La dedicatoria me encantó y aun hoy me sigue dibujando una
sonrisa en la cara. Él es un enamorado del cine ochentero, como yo. Por eso
quizás creemos en finales felices, en decir siempre lo que piensas, en ser
auténtico contigo mismo, y que los buenos siempre ganan al final. Pues no
amigos, el bueno solo gana en las pelis. La esperanza de un mundo mejor se
diluye como los amores de verano, como la autenticidad de la infancia, como un
beso de despedida. Seguimos a falsos ídolos de oro, marcas que brillan en
internet, creemos que siendo “buenos” ganaremos algo. No. Para nada. Molly
Ringwall se creó un mundo de fantasmas y lobos, pero ella no era caperucita
roja precisamente, y mató al lobo, al leñador y hasta a su propia abuela. Peor
aún, hoy sigue mirándome desde su celda invisible de soledad interior, sigue
mirándome hasta penetrar en mi alma con una facilidad que asusta, que me hace
temblar. Mis monstruos no tienen colmillos ni garras, no usan cuchillo ni una
soga, portan anillos de compromiso, medias de seda, tacones y lencería a juego.

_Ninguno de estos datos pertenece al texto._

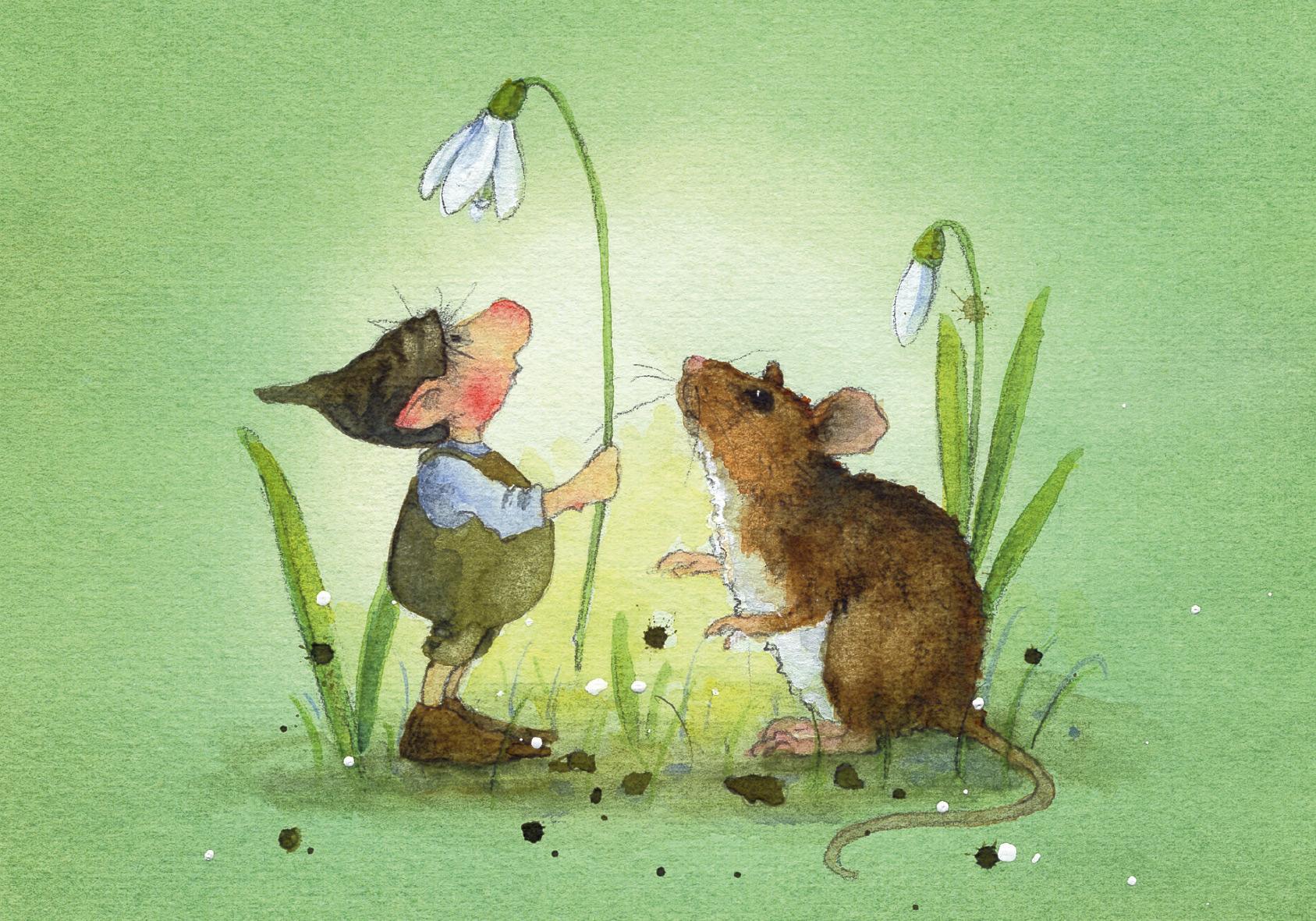 Beispielinhalt (Bild) Postkartenbuch 'Wichtelpost'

Mi monstruo del armario huele a deseo, huele a sábanas limpias, manta y leche
caliente con galletas en una mañana de lluvia; huele a siesta conjunta, a
desorden en el orden. Mi monstruo duerme en una caja de latón, se despierta
para arañarme las entrañas, o quizás, para recordarme sus zarpazos. Está en algún
lugar, a la espera de sacar lo peor de mí, de volverme una metamorfosis
inversa, de convertirme en una mísera larva miserable.

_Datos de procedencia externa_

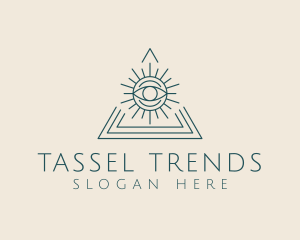 Bohemian Tarot Pyramid Eye  logo design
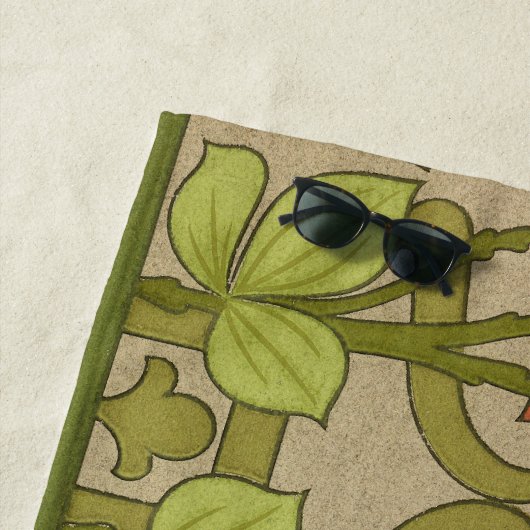 Frieze Border Art Nouveau Floral Strandlaken (In situ)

Puede que sea afortunado, pues, como en las películas de
nuestra infancia y juventud, todo parece recuperarse, el esfuerzo se recompensa
y de repente, un día, la vida te da una tregua. Respiras y no piensas en nada,
solo en el momento. Alguien te roza la mano, alguien que estuvo ahí, siempre,
invisible pero atenta. La piedra del pecho, ese ídolo sagrado que robara
Indiana Jones jugándose la vida, parece querer latir de nuevo. Si la vida te
da, recoge. Mañana pueden venir las facturas y puede ser tarde para
disfrutarlo.
Molly Ringwall hay miles, están por todos lados, aunque se
creen únicas y especiales. Y lo son, a su manera. ¿Cómo no querer besar esa
boca de cereza? Como la absenta, si la pruebas estás perdido. Nadarás mar
adentro, sentirás que es tu flor de loto, que se encenderá la chispa adecuada,
pero solo te dejará la herida, y a ti, como único culpable.
Suena el timbre y Judd Nelson, el rebelde del club de los
cinco, besa a Molly, la princesa pija del instituto, la chica perfecta que se
enamora del malote. Lo que no sabe Judd, John Bender en la peli, es que Claire
(Molly R.) con el paso del tiempo intentará cambiarlo, le quitará ese pendiente
que ahora tanto le excita, le querrá cortar el pelo, quitar esa gabardina
vieja, esas camisas de pobre, y le regalará ropa de marca y piropos si accede
al cambio de vestuario. Cambio que conlleva también el personal. Y dará igual
lo que haga John, que acceda a todo, que se gane su confianza, que sea el mejor
amante que Molly haya tenido, porque para ella siempre será el rebelde, el
chico de la calle que no es de fiar.